* [DATA SECTION]:
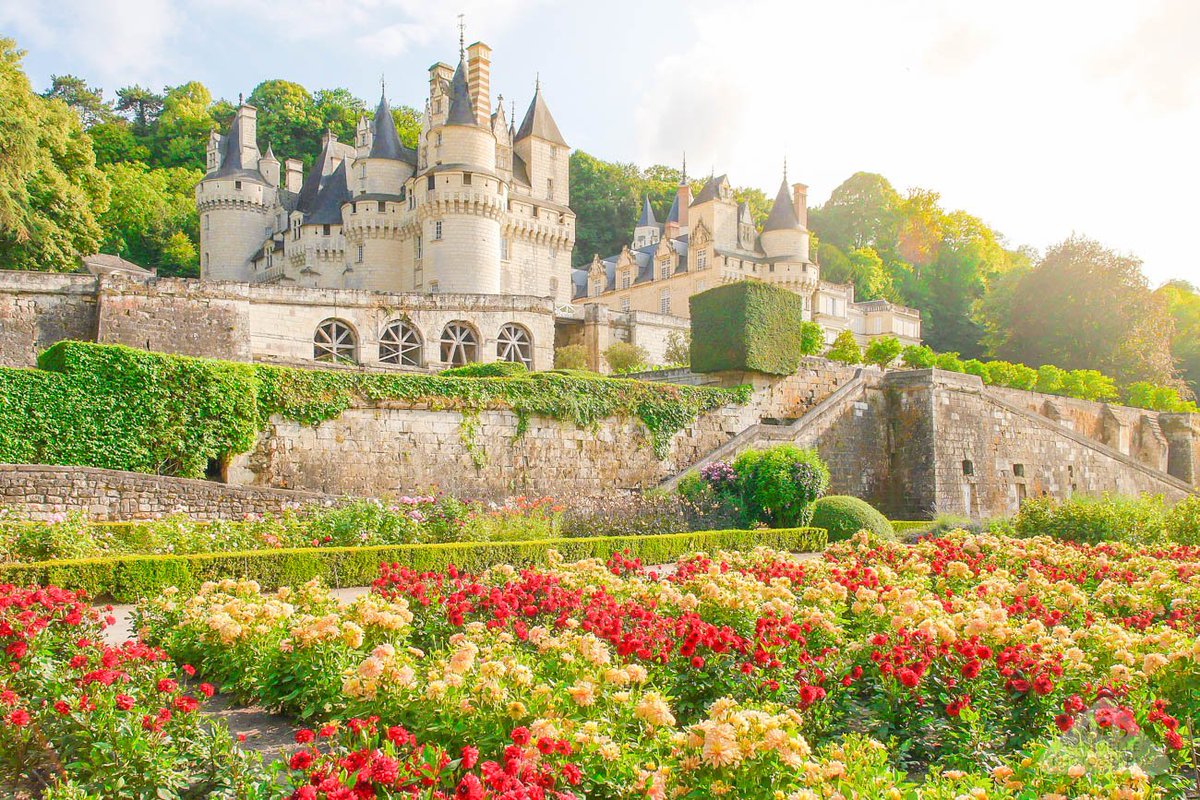 sim_xploration's tweet photo. France awaits with its rich heritage! Immerse in Parisian art, and marvel at the Louvre.
📍Ancient castles in Loire Valley, France. 
#exploringtheworld https://t.co/sroU1recwu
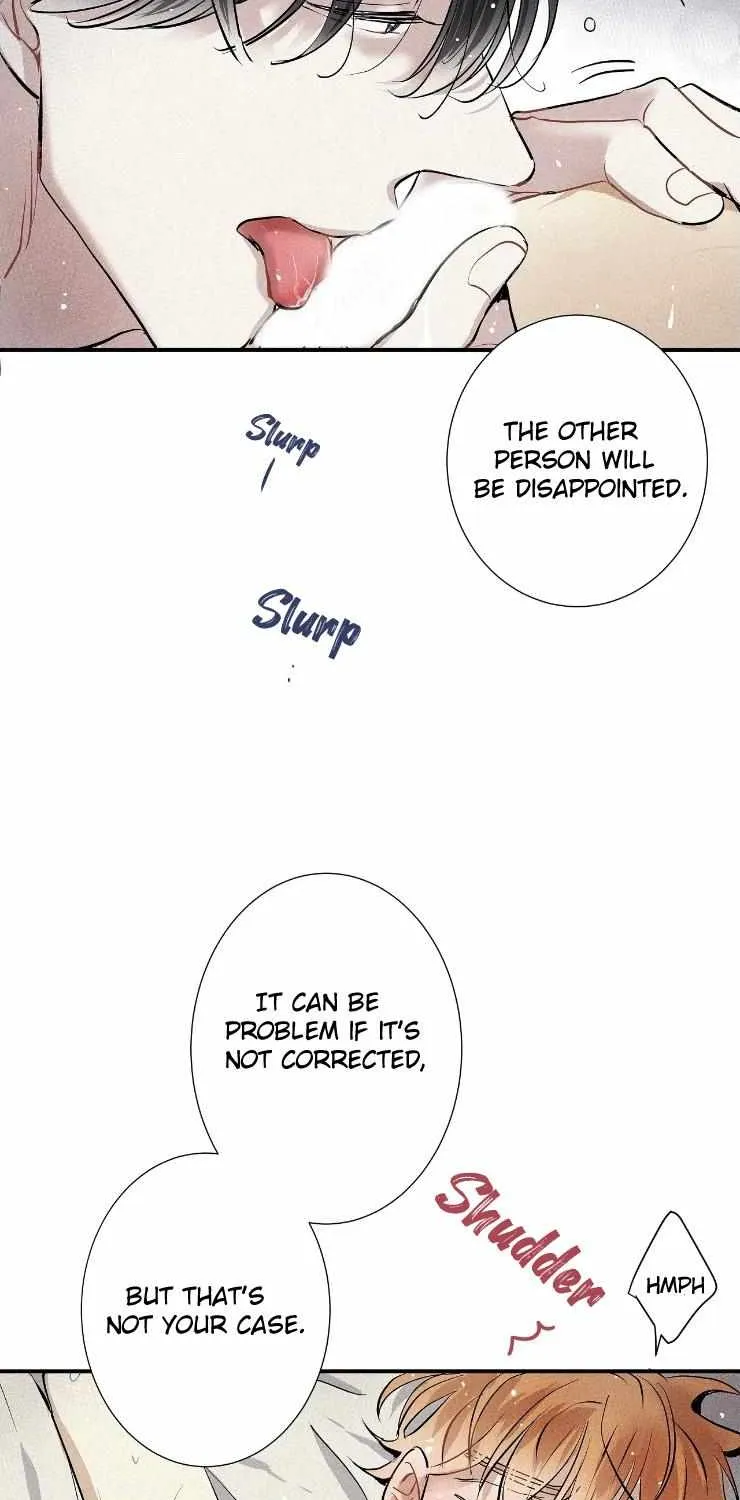 A well known love affair Chapter 34 page 28 - 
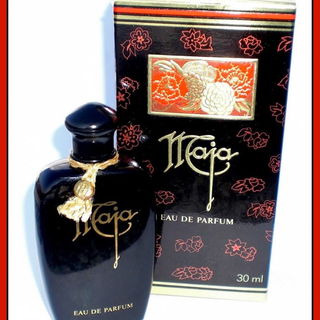 Das Maja EdP ist eindeu...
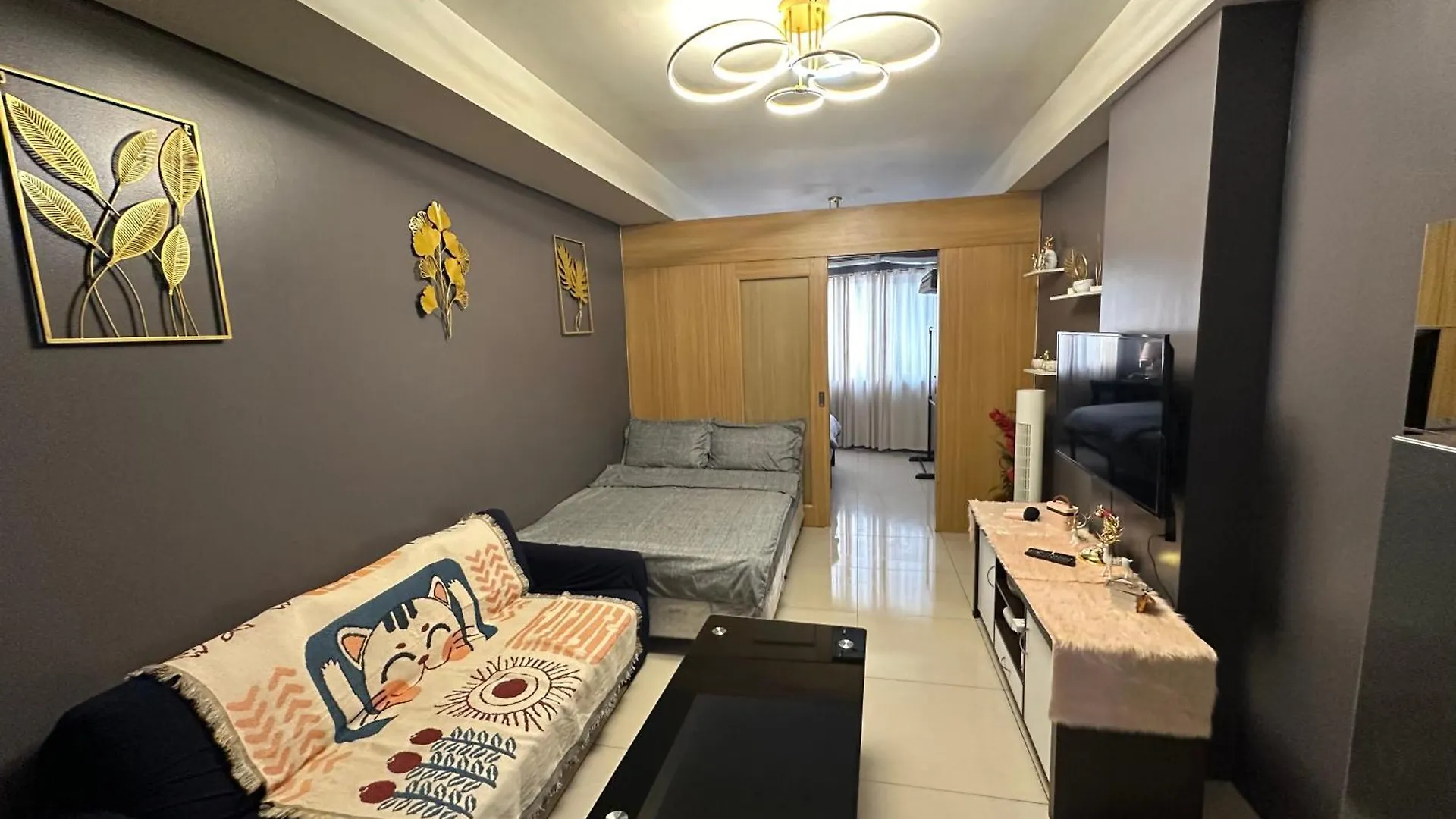 Kathys Crib 32Sqm Condo Shell Residences Pasay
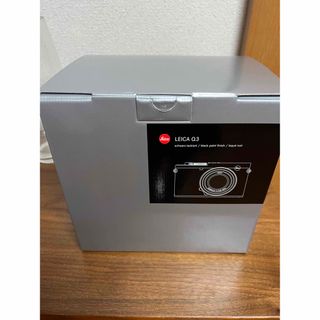 ライカ(LEICA)のライカQ3 ほぼ未使用(コンパクトデジタルカメラ)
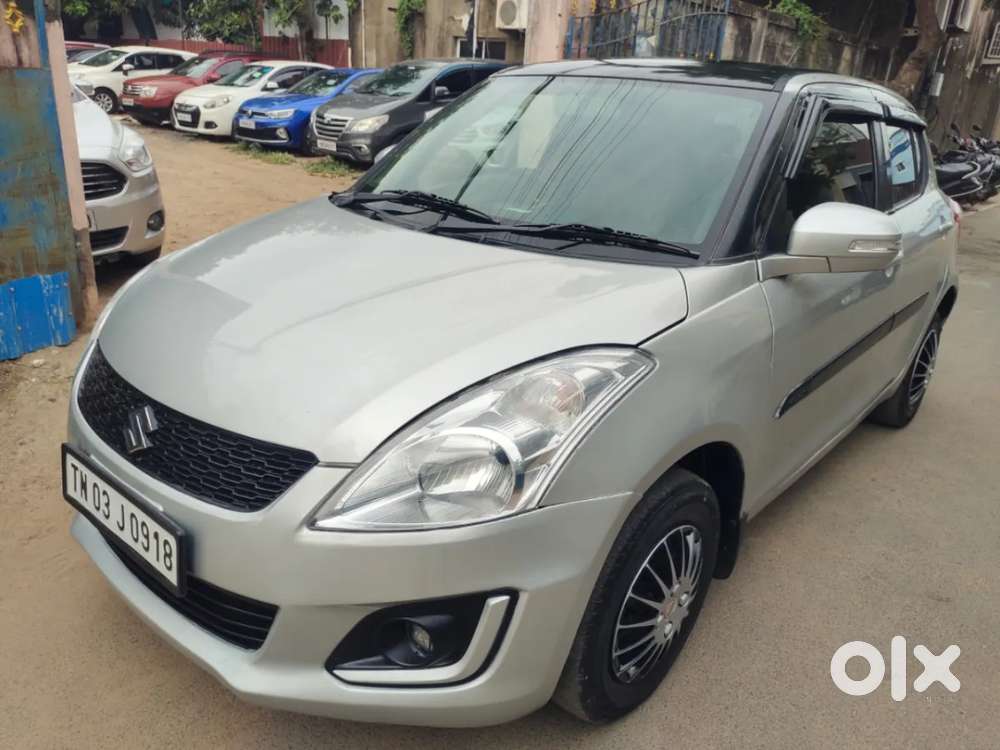 Maruti Suzuki Swift Vdi, 2012, Diesel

* [YOUR ASSIGNMENT]: Give back the lines from the one containing "Kathys Crib 32Sqm" through the last line of the records above exactly as they appear, both included, and no pictures.

* [OUTPUT BELOW]:
 Kathys Crib 32Sqm Condo Shell Residences Pasay
 ライカ(LEICA)のライカQ3 ほぼ未使用(コンパクトデジタルカメラ)
 Maruti Suzuki Swift Vdi, 2012, Diesel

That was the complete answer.